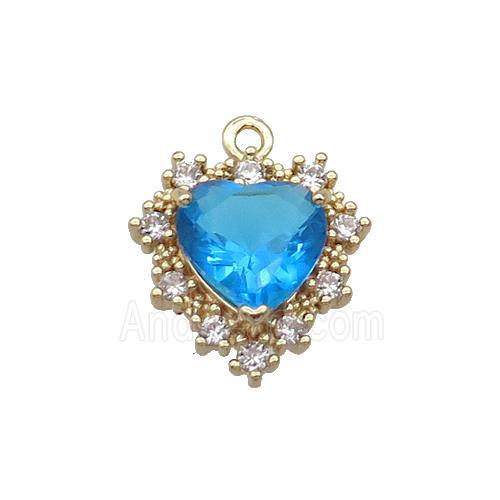 Copper Heart Pendant Pave Blue Crystal Glass Gold Plated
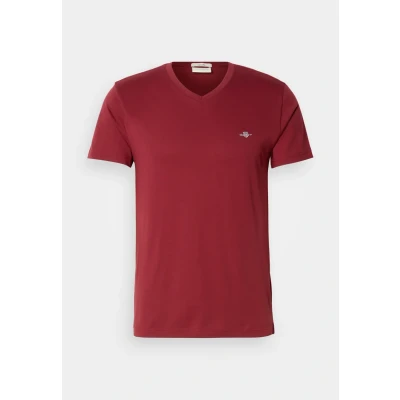 Abbildung von GANT SLIM Shield V NECK Tshirt basic, Herren, Größe: Large, Plumped red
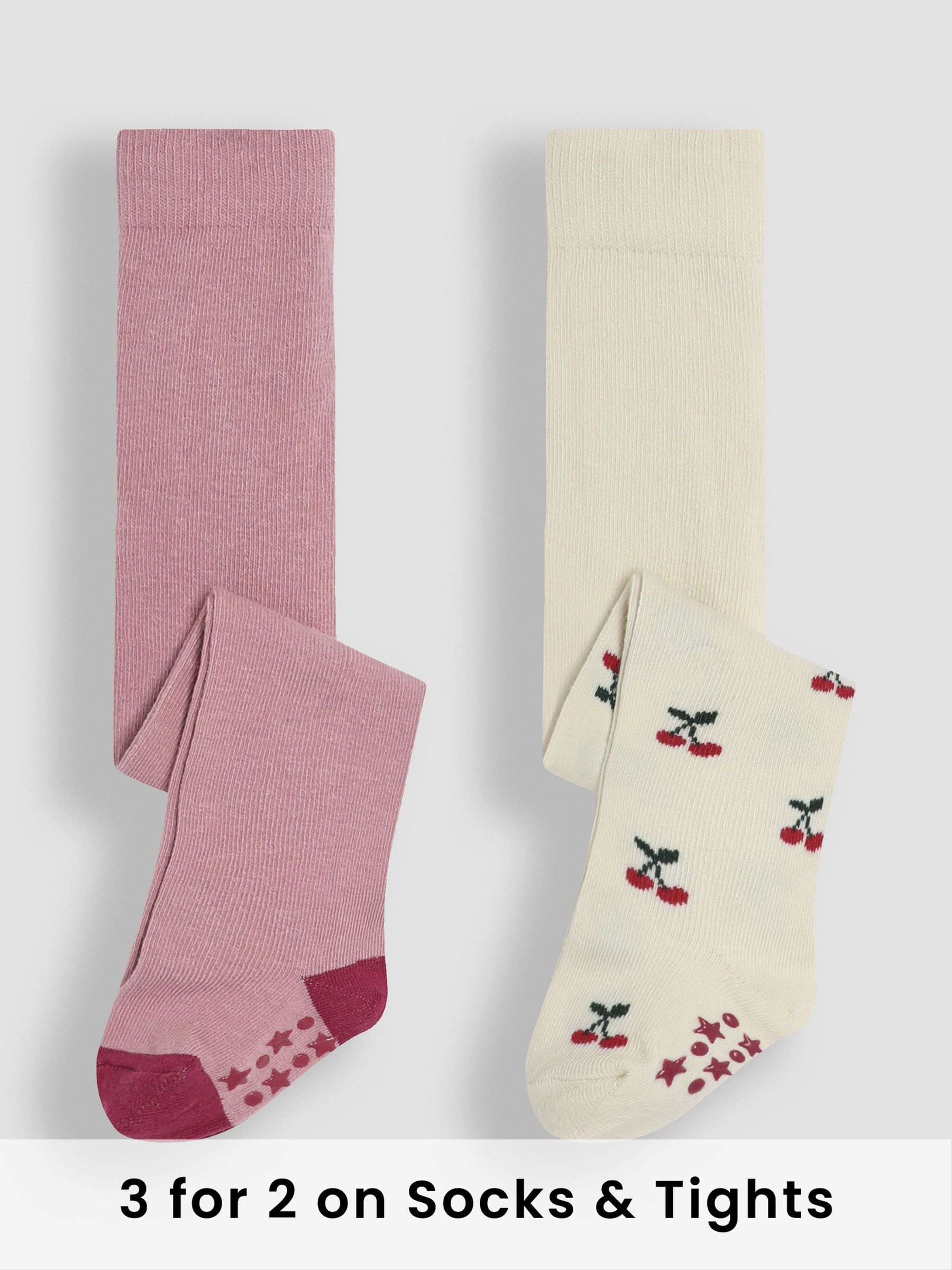 Red Cotton Rich Cherry Tights 2 Pack (E26020) | £15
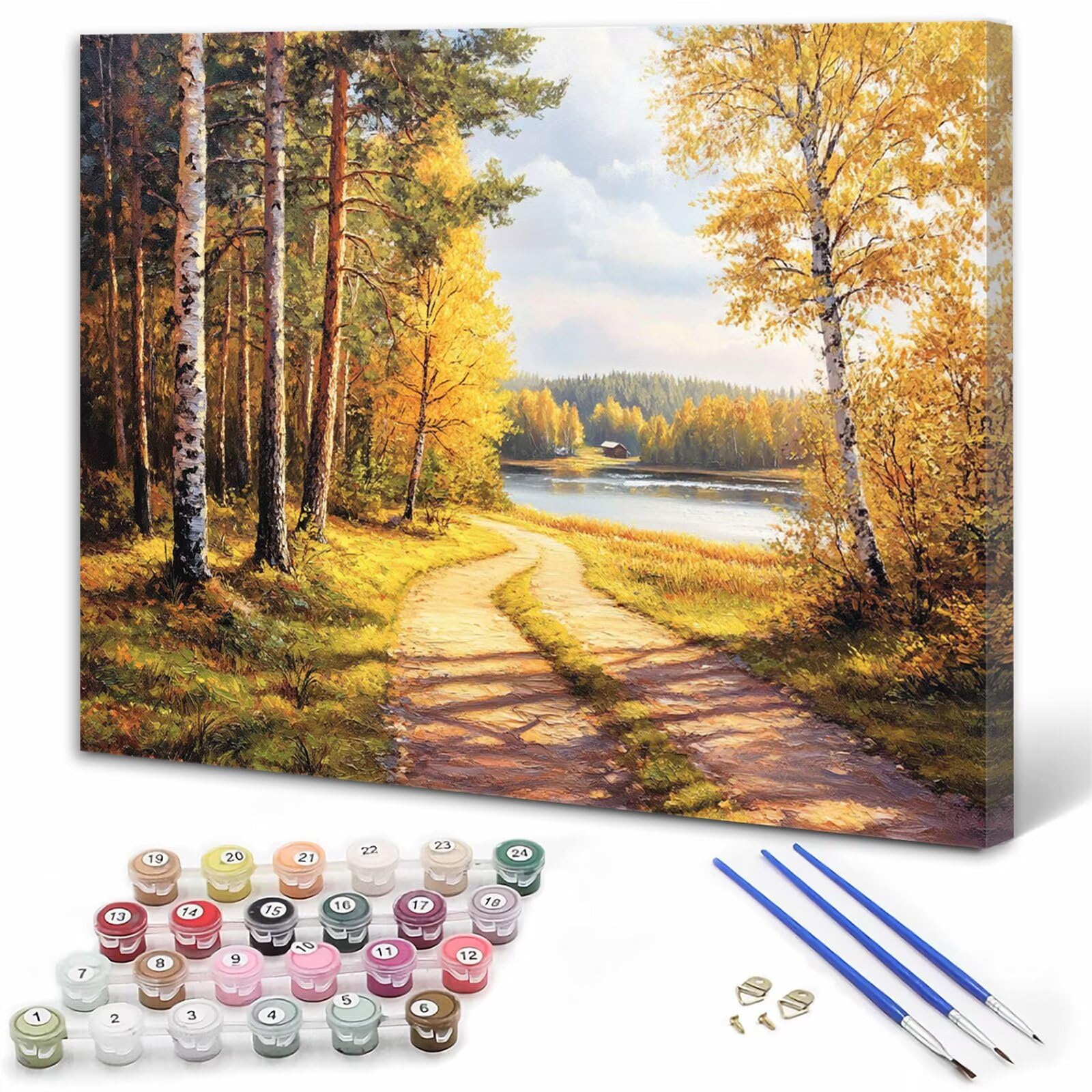 Dipingere con i Numeri Adulti Autunno Dipingere con i Numeri Albero Paint by Numbers Hobby Creativi Adulti Fai Da Te Tela di Pittura a Olio Kit, Decorazioni Donna Regalo 60x90cm Senza Cornice Y3-23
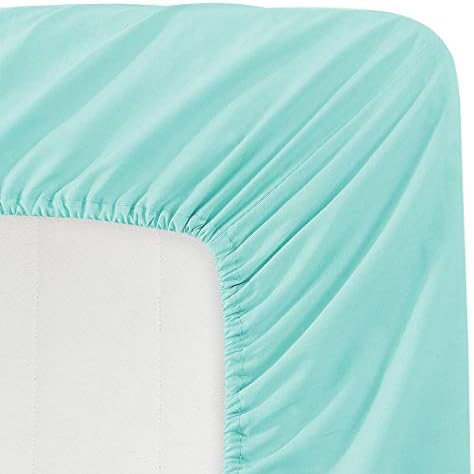 Luxe Bedding 100% Brushed Microfiber Solid Color Deep Pocket Fitted Sheet - Hotel Quality - Wrinkle, Fade, Stain and Abrasion Resistant (Cal King, Aqua Sky)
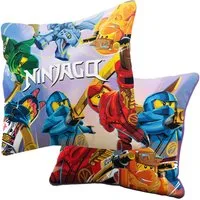 BERONAGE Dekokissen LEGO Ninjago Dragons Rising Kissen Final Battle 40x40 cm, passend zur Bettwäsche, ideal für Sofa, Couch, Bett, Auto, Camping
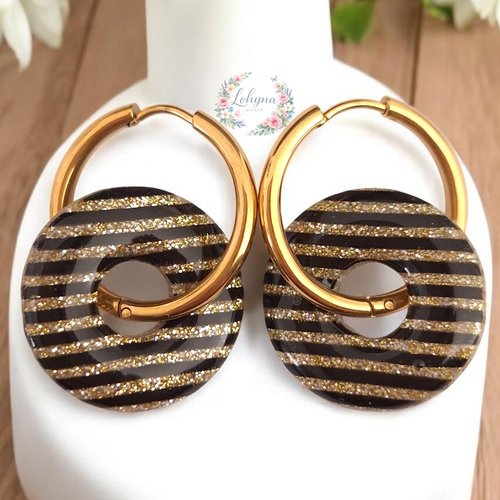 Boucles d'oreilles créoles interchangeables "isia"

____________________

* To do:
What this calls for is the material above set down exactly, pictures excluded.

* Exercise response:
 Copper Heart Pendant Pave Blue Crystal Glass Gold Plated
 Abbildung von GANT SLIM Shield V NECK Tshirt basic, Herren, Größe: Large, Plumped red
 Red Cotton Rich Cherry Tights 2 Pack (E26020) | £15
 Dipingere con i Numeri Adulti Autunno Dipingere con i Numeri Albero Paint by Numbers Hobby Creativi Adulti Fai Da Te Tela di Pittura a Olio Kit, Decorazioni Donna Regalo 60x90cm Senza Cornice Y3-23
 Luxe Bedding 100% Brushed Microfiber Solid Color Deep Pocket Fitted Sheet - Hotel Quality - Wrinkle, Fade, Stain and Abrasion Resistant (Cal King, Aqua Sky)
 BERONAGE Dekokissen LEGO Ninjago Dragons Rising Kissen Final Battle 40x40 cm, passend zur Bettwäsche, ideal für Sofa, Couch, Bett, Auto, Camping
 Boucles d'oreilles créoles interchangeables "isia"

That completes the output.